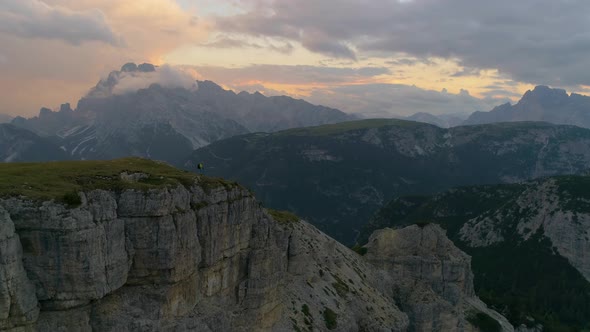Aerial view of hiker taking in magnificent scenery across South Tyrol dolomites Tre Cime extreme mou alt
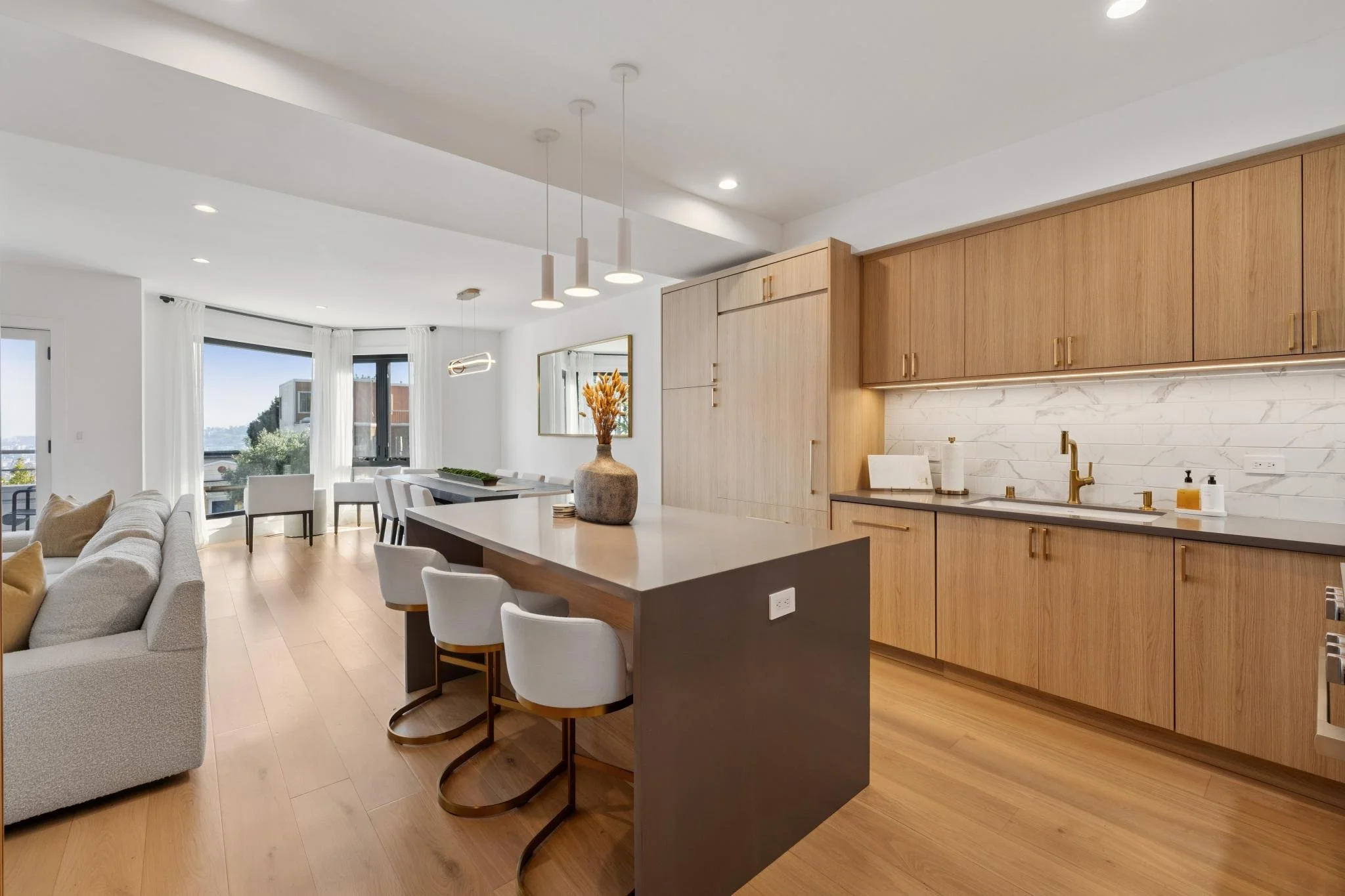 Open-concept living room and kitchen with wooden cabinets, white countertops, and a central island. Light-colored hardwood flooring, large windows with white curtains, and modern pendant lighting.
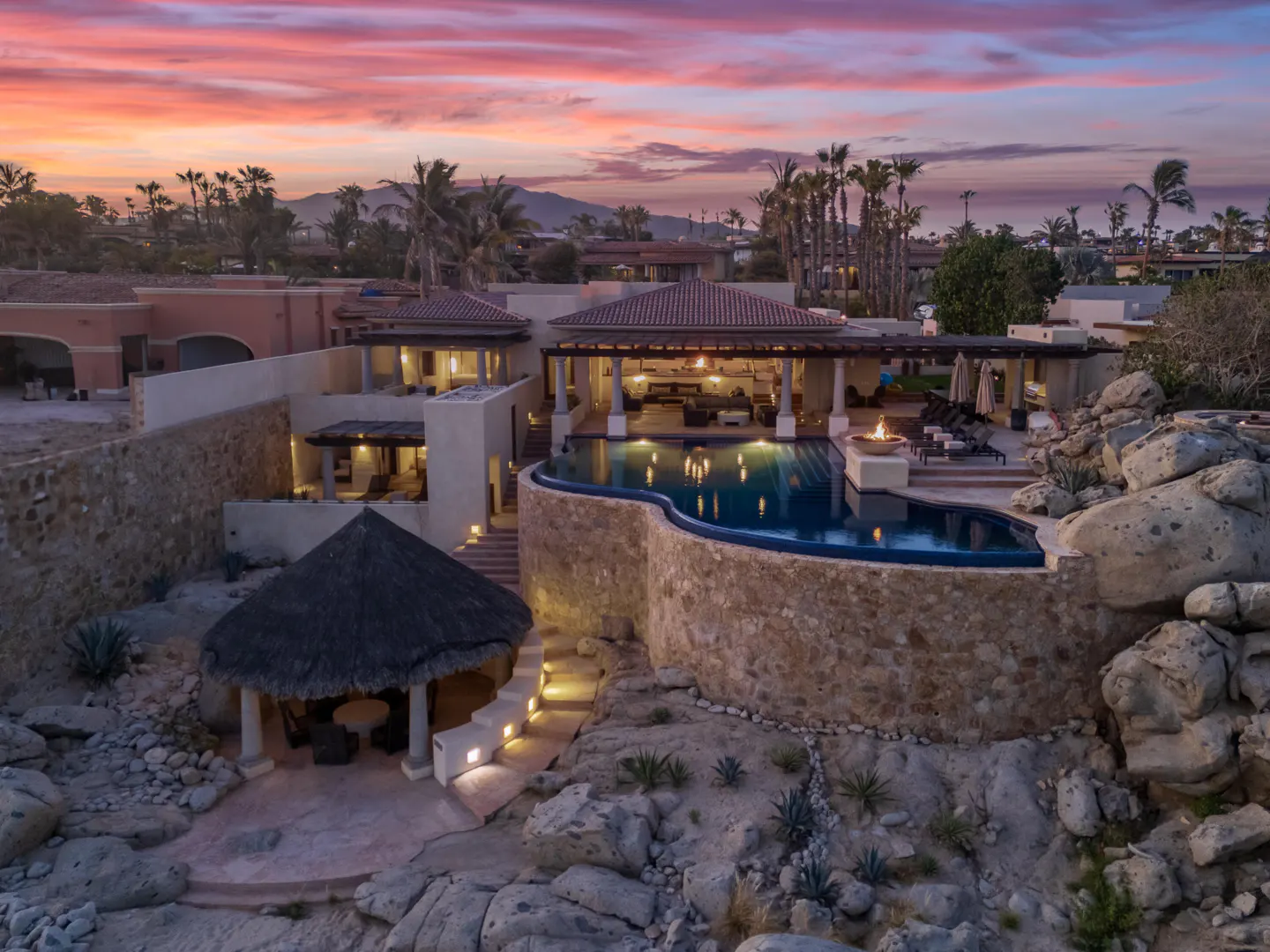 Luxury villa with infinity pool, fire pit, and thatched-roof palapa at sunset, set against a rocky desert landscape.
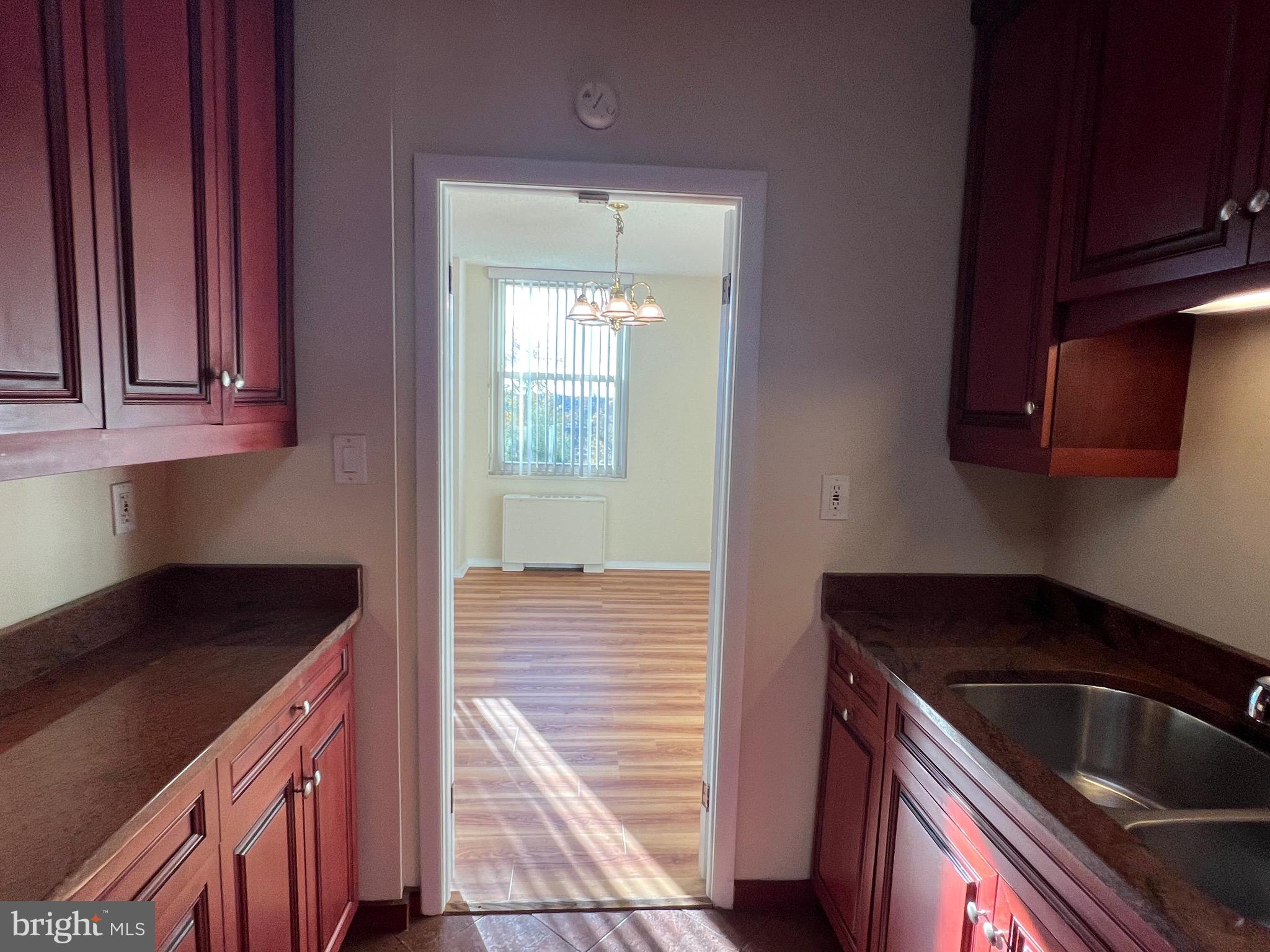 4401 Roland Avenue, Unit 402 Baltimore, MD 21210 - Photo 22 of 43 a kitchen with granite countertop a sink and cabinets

Work instructions ▸
Skipping the images, write out the whole listing exactly.

Reply ▸
Aerial view of hiker taking in magnificent scenery across South Tyrol dolomites Tre Cime extreme mou alt
 Open-concept living room and kitchen with wooden cabinets, white countertops, and a central island. Light-colored hardwood flooring, large windows with white curtains, and modern pendant lighting.
 Luxury villa with infinity pool, fire pit, and thatched-roof palapa at sunset, set against a rocky desert landscape.
 4401 Roland Avenue, Unit 402 Baltimore, MD 21210 - Photo 22 of 43 a kitchen with granite countertop a sink and cabinets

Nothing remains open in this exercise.